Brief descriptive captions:
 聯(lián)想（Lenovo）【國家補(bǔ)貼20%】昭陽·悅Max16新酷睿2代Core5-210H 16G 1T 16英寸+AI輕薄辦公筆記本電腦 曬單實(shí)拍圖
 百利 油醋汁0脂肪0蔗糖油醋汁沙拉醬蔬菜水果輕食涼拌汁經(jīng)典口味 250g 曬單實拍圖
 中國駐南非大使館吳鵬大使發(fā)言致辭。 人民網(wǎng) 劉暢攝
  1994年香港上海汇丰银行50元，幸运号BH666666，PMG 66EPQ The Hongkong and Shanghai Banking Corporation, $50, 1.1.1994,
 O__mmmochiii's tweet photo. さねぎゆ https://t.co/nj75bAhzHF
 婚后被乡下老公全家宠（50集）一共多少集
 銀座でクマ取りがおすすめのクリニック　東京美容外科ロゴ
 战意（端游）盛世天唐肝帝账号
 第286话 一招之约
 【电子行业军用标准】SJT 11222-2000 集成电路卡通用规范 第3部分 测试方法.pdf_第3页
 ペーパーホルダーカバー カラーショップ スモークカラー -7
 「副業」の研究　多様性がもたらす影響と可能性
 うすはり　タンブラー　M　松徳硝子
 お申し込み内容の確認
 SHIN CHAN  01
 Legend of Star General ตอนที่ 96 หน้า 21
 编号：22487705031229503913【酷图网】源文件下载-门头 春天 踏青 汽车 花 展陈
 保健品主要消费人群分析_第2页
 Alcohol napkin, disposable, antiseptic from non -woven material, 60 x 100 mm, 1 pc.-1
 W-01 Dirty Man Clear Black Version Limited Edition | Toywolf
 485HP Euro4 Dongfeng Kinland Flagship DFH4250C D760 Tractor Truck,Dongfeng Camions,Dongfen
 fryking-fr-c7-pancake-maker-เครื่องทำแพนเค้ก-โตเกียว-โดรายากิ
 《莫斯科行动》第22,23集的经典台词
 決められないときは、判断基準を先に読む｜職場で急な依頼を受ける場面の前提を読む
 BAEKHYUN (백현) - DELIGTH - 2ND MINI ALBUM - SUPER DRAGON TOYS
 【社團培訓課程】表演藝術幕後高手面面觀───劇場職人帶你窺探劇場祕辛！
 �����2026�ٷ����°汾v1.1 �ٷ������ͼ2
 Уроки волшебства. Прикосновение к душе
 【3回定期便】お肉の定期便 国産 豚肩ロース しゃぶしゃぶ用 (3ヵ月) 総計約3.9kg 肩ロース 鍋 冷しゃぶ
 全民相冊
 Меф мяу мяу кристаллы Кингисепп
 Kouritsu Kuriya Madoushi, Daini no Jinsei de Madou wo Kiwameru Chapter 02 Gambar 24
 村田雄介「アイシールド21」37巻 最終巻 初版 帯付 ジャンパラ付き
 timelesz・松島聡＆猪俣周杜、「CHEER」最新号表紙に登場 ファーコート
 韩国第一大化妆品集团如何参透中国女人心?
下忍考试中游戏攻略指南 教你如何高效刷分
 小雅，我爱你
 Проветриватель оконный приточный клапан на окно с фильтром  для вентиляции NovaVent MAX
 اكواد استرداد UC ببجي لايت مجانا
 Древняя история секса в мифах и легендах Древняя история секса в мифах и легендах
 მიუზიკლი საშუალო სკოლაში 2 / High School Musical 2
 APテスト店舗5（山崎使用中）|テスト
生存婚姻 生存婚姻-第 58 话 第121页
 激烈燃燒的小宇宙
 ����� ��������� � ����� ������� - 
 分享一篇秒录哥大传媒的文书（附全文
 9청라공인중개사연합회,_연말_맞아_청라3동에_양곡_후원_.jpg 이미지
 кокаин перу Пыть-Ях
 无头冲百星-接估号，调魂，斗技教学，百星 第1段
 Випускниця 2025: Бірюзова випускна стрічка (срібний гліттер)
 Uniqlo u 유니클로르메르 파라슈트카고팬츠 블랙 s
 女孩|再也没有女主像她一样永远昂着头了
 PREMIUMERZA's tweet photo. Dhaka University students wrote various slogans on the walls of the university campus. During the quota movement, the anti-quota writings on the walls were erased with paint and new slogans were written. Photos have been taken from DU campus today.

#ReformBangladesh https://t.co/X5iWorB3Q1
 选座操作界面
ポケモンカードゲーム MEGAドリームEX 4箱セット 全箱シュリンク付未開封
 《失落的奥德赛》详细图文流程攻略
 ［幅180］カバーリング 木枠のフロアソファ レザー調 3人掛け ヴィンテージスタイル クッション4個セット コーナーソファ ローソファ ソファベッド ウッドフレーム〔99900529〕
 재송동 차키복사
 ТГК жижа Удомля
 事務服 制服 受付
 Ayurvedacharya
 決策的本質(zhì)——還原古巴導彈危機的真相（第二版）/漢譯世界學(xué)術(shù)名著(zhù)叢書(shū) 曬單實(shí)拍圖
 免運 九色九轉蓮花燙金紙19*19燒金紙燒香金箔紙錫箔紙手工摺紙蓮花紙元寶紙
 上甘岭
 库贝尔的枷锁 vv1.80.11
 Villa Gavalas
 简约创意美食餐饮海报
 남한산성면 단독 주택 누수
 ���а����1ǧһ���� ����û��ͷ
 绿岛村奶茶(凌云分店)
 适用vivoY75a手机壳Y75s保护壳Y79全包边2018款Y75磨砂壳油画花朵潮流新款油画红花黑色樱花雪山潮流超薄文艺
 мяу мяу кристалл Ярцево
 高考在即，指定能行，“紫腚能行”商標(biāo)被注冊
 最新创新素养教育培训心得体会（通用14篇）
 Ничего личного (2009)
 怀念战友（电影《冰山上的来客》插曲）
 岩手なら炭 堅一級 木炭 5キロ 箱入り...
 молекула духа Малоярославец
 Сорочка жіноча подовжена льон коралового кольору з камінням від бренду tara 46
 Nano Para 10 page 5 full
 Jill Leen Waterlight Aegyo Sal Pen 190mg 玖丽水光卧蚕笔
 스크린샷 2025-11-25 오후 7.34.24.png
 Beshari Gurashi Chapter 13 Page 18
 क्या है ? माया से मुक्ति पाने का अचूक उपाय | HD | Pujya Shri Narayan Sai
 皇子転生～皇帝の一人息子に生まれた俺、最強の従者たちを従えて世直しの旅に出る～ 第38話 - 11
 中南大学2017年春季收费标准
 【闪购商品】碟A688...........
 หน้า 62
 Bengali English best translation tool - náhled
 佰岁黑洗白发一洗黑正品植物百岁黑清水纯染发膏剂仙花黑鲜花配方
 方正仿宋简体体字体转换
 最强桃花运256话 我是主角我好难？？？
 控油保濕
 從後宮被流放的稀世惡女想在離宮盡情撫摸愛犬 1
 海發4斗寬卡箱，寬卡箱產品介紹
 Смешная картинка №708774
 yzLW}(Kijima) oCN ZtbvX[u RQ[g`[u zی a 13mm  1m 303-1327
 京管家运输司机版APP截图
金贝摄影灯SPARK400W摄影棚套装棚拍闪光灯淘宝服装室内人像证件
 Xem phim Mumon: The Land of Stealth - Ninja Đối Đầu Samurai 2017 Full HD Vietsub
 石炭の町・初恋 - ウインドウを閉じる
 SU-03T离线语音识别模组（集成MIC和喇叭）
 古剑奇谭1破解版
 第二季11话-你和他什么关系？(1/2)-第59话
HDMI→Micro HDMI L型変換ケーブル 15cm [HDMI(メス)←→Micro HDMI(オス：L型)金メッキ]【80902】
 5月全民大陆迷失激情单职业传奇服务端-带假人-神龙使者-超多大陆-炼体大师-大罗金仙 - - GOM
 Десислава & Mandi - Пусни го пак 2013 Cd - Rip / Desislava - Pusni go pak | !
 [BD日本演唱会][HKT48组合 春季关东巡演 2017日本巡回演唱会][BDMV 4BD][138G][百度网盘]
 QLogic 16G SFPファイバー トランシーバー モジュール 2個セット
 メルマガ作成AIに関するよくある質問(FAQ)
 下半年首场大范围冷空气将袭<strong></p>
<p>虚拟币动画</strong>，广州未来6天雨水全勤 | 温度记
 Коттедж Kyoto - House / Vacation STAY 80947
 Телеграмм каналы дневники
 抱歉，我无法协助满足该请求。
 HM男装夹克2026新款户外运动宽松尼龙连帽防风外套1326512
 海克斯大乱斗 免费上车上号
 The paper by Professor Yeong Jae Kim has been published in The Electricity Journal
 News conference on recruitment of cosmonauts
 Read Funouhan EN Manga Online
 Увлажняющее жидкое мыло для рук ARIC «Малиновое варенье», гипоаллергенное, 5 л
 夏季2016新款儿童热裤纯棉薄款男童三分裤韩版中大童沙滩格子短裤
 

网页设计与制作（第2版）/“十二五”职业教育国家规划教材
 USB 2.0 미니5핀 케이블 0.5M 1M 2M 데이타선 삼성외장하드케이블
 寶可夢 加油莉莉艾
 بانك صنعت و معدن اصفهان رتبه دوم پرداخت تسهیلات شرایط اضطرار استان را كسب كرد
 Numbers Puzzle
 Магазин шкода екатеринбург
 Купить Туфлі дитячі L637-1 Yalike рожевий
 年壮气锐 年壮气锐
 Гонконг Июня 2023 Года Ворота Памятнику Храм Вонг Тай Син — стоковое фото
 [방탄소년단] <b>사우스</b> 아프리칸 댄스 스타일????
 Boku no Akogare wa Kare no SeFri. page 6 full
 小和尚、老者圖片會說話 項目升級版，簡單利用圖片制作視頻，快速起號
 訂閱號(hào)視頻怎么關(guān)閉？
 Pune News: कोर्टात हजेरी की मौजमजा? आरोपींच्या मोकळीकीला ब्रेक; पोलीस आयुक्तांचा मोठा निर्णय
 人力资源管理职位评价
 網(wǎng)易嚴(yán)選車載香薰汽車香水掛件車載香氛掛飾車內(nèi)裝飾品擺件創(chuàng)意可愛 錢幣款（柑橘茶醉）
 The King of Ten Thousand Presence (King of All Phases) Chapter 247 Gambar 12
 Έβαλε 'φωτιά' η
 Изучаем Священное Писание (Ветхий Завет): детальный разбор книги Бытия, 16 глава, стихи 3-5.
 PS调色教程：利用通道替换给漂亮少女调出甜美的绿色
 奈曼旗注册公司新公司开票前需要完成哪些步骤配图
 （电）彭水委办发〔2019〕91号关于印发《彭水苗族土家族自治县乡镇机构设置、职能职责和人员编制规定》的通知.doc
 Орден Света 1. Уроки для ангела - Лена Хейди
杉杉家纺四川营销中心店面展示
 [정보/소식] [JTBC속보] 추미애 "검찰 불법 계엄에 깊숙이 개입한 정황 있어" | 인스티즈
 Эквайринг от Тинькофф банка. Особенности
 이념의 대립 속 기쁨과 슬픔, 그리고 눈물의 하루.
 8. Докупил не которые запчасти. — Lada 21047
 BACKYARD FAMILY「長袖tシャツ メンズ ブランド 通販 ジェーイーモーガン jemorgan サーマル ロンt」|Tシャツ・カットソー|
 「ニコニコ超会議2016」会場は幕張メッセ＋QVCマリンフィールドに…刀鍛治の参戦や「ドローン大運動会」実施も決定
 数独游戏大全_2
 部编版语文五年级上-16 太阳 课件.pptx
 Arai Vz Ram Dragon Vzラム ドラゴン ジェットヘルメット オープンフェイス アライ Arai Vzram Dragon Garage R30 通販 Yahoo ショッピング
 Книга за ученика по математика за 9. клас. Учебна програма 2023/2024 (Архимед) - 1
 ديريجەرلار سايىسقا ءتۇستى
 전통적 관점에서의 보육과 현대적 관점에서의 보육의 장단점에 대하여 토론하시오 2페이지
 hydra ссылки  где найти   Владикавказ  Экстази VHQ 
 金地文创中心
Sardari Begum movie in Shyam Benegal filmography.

**WORK TO COMPLETE**
Would you print, exactly as written, every line above from the one holding "網(wǎng)易嚴(yán)" through the one holding "8. Докупил не которые запчасти. — Lada 21047", with both included and no other lines?

**OUTPUT FOR THIS TASK**
 網(wǎng)易嚴(yán)選車載香薰汽車香水掛件車載香氛掛飾車內(nèi)裝飾品擺件創(chuàng)意可愛 錢幣款（柑橘茶醉）
 The King of Ten Thousand Presence (King of All Phases) Chapter 247 Gambar 12
 Έβαλε 'φωτιά' η
 Изучаем Священное Писание (Ветхий Завет): детальный разбор книги Бытия, 16 глава, стихи 3-5.
 PS调色教程：利用通道替换给漂亮少女调出甜美的绿色
 奈曼旗注册公司新公司开票前需要完成哪些步骤配图
 （电）彭水委办发〔2019〕91号关于印发《彭水苗族土家族自治县乡镇机构设置、职能职责和人员编制规定》的通知.doc
 Орден Света 1. Уроки для ангела - Лена Хейди
杉杉家纺四川营销中心店面展示
 [정보/소식] [JTBC속보] 추미애 "검찰 불법 계엄에 깊숙이 개입한 정황 있어" | 인스티즈
 Эквайринг от Тинькофф банка. Особенности
 이념의 대립 속 기쁨과 슬픔, 그리고 눈물의 하루.
 8. Докупил не которые запчасти. — Lada 21047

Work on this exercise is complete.